5) Ich verurteile die Versuche der Kommunistischen Partei [Chinas], sich in die Freiheit der Veröffentlichung von westlichen Medien wie der Deutschen Welle und RFI einzumischen. Ich rufe die internationale Gemeinschaft dazu auf, gegen die barbarischen Entführungen durch die Kommunistische Partei [Chinas] Stellung zu nehmen.“

Als die chinesische Polizei Chang Pings Bruder, Zhang Wei, weiter antrieb, Chang zu drängen, mit dem Schreiben aufzuhören, hatte Chang keine andere Wahl, als die E-Mails seines Bruders zu blockieren und jeglichen Nachrichtenaustausch mit seiner Familie abzubrechen. In einer zweiten Stellungnahme verglich Chang die Situation seiner Familie mit dem Hongkonger Buchverkäufer Lee Bo, der ebenfalls gezwungen wurde, öffentlich den Nachrichtenaustausch mit seiner Familie abzubrechen (übersetzt von China Change):

As I see it, from Party Central media to local police stations, all of them have learned to manipulate their hostages and put on puppet shows. My younger brother has become another Lee Bo of Hong Kong. Look at one of his recent emails. Don’t the police think this sort of performance is extremely clumsy? […]

I am blocking the email address of Zhang Wei, and I won’t see any more emails from him; my family members and relatives have no other way of contacting me, and I won’t have any more contact with them for a long time, or perhaps forever; […]

My family members and relatives will continue to be brainwashed by the Chinese police, and they’ll think that the misery that’s befallen them is because I don’t care about my family. Some of them have already started cursing me. This will have no bearing on me. Nor do I have any way of making them understand just how despicable and base the CCP is.”

Hier eine Übersetzung des englischen Textes durch unsere Redaktion:

So wie ich es sehe, haben alle, von den Zentralmedien der Partei bis hin zu den lokalen Polizeiwachen, gelernt, ihre Geiseln zu manipulieren und ein Schauspiel zu inszenieren. Mein jüngerer Bruder wurde zu einem weiteren „Lee Bo von Hongkong“. Schaut eucch nur eine seiner neuesten E-Mails an. Denkt die Polizei etwa nicht, dass diese Art von Schauspiel extrem ungeschickt ist? […]

Ich blockiere die E-Mail Adresse von Zhang Wei und werde keine weiteren E-Mails mehr von ihm sehen; meine Familie und Verwandten haben keine andere Möglichkeit, mich zu kontaktieren und ich werde für eine lange Zeit keinen weiteren Kontakt mit ihnen haben, oder vielleicht für immer; […]

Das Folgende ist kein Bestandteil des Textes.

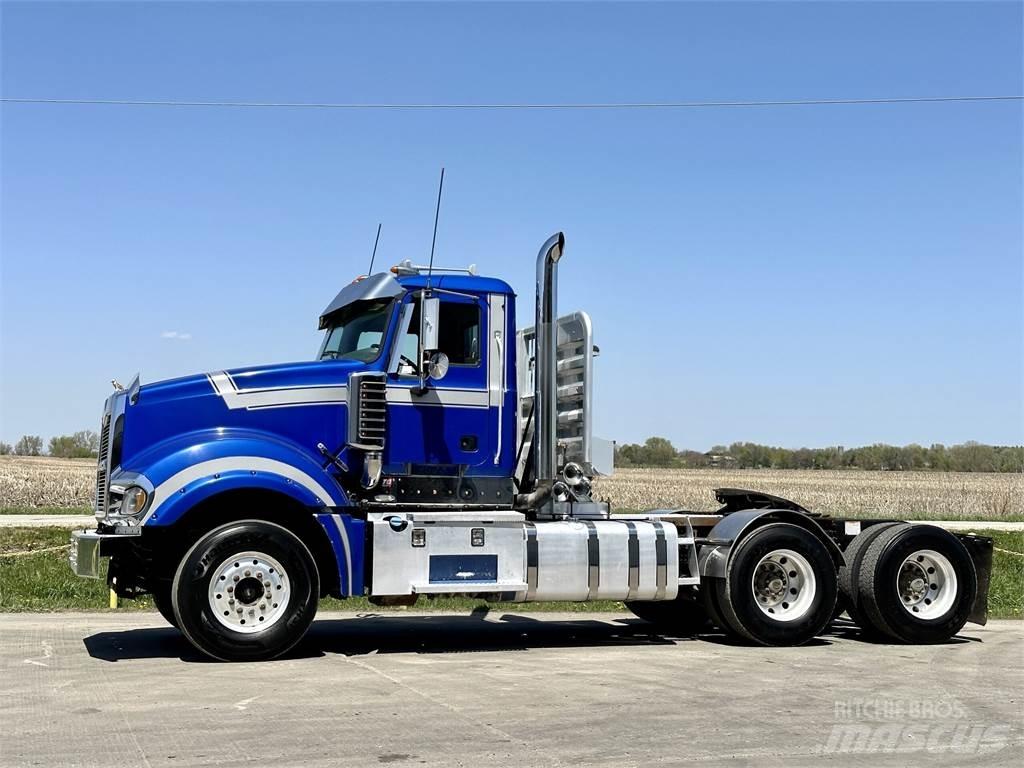 Mack Titan TD713 Tahače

Meine Familienmitglieder und Verwandten werden weiterhin von der chinesischen Polizei einer Gehirnwäsche unterzogen und sie werden denken, dass das Elend, das ihnen widerfährt, durch mich entstanden sei, weil mir die Sicherheit meiner Familie egal ist. Manche von ihnen haben schon angefangen, mich zu verfluchen. Das wird keinen Einfluss auf mich haben. Auch habe ich keine Möglichkeit, ihnen klarzumachen, wie verabscheuenswert und niederträchtig die KPCh ist.“

Im vormodernen China praktizierten Behörden Bestrafungen durch die Gesellschaft, indem sie den konfuzianistischen Wert des Respekts gegenüber den Eltern benutzten, bei dem vom Einzelnen erwartet wird, sich für das Wohlergehen der Familie aufzuopfern. In dem Interview mit RFI verurteilt Chang Ping diesen unmenschlichen Akt:

This is hooligan behavior. Punishment by association has been abolished by the CCP as it is an extremely barbaric act which does not have any place in any legal text. But they [the Chinese authorities] are exploiting such methods. […] This is like holding an innocent person hostage to achieve political means.

This act is extremely barbaric and a betrayal and insult to human society and its political and legal civilization.“

Hier eine Übersetzung des englischen Textes durch unsere Redaktion:

Das ist das Verhalten von Hooligans. Sippengaft wurde von der KPCh abgeschafft, weil es eine extrem barbarische Handlung darstellt, die in keinen Gesetzestext hineingehört. Aber sie [die chinesischen Behörden] nutzen solche Methoden. […] Das ist, als würde eine unschuldige Person als Geisel festgehalten, um politische Ziele zu erreichen.

Dieses Verhalten ist extrem barbarisch und ein Verrat an und eine Beleidigung gegen die menschliche Gesellschaft und ihre politische und rechtmäßige Zivilisation.“

Dieser Artikel von Oiwan Lam erschien ursprünglich auf Global Voices.